* _ACTIVITY_: Taking only the lines of the data below from the line with "Snowy Lake Canvas Painting" to the line with "Gabbys Dollhouse pattern", ends included, write them out exactly and without pictures.

* _EXERCISE DATA_:
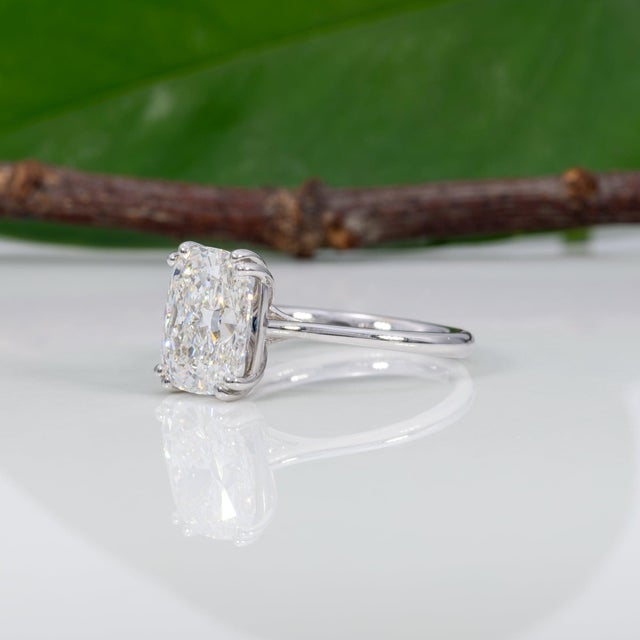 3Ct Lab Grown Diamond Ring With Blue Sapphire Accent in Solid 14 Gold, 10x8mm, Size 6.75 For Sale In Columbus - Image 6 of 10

---

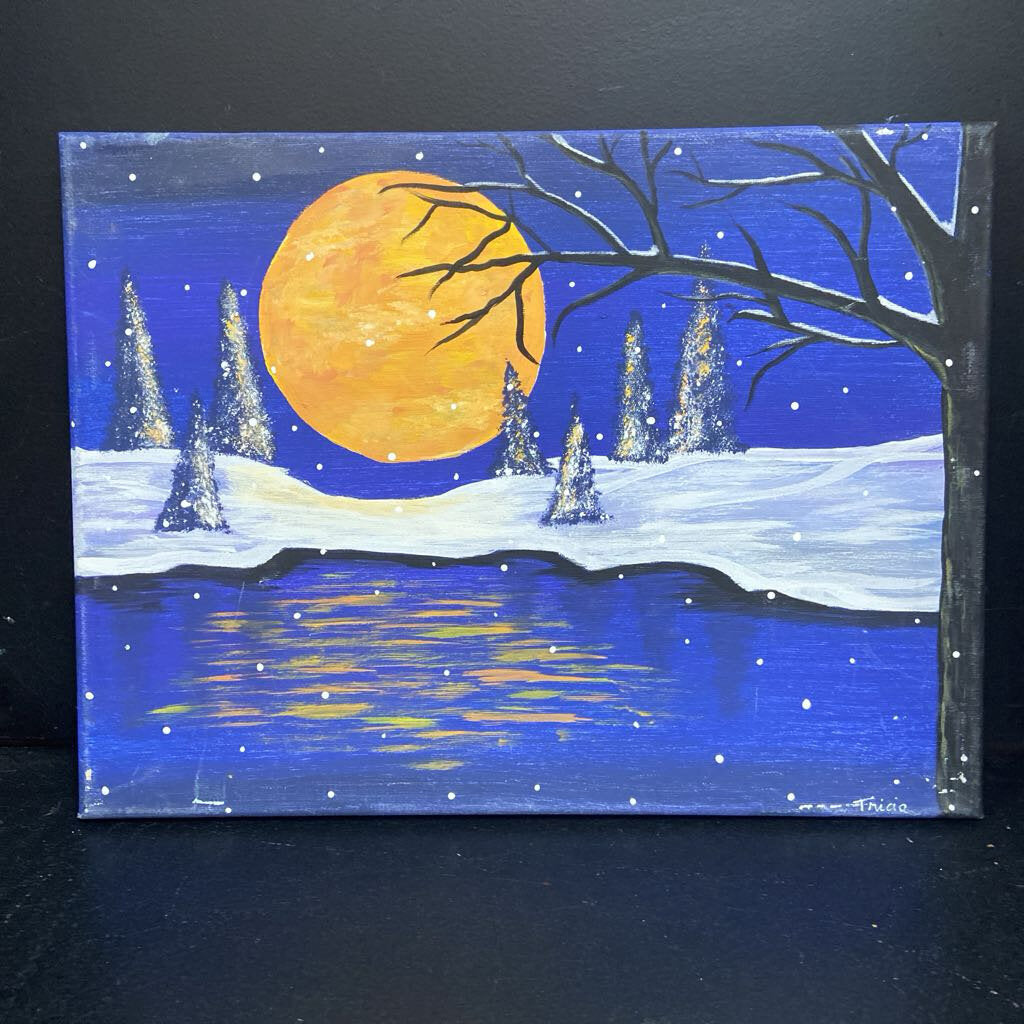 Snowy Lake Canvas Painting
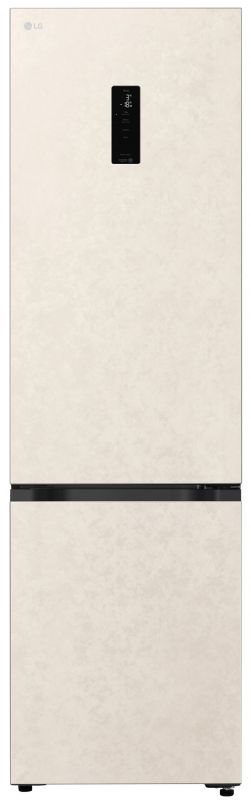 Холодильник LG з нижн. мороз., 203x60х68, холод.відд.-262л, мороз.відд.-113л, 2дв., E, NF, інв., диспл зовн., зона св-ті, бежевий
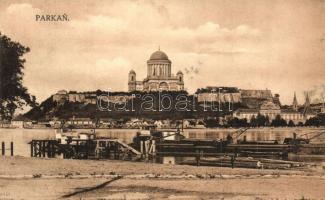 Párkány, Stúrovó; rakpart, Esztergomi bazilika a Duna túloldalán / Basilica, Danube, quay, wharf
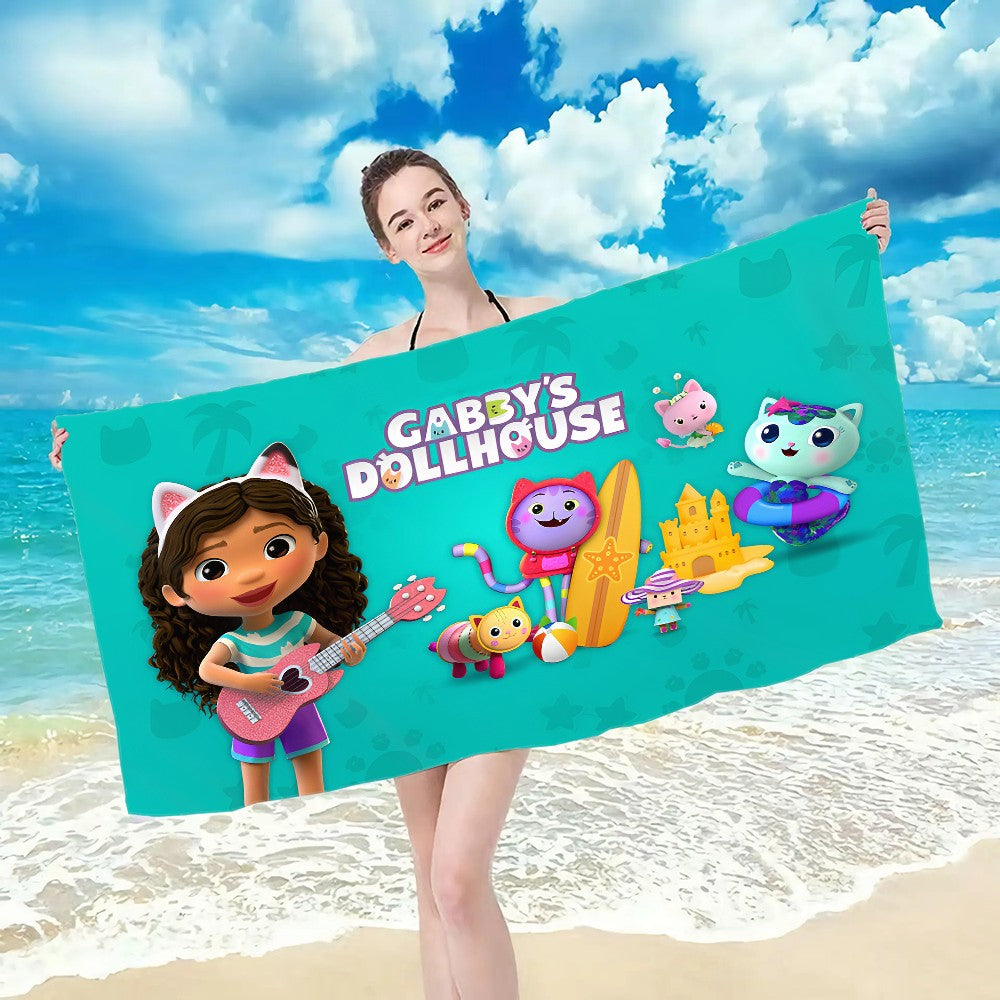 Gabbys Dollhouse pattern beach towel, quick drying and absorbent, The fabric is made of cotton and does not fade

* _WRITTEN REPLY_:
 Snowy Lake Canvas Painting
 Холодильник LG з нижн. мороз., 203x60х68, холод.відд.-262л, мороз.відд.-113л, 2дв., E, NF, інв., диспл зовн., зона св-ті, бежевий
 Párkány, Stúrovó; rakpart, Esztergomi bazilika a Duna túloldalán / Basilica, Danube, quay, wharf
 Gabbys Dollhouse pattern beach towel, quick drying and absorbent, The fabric is made of cotton and does not fade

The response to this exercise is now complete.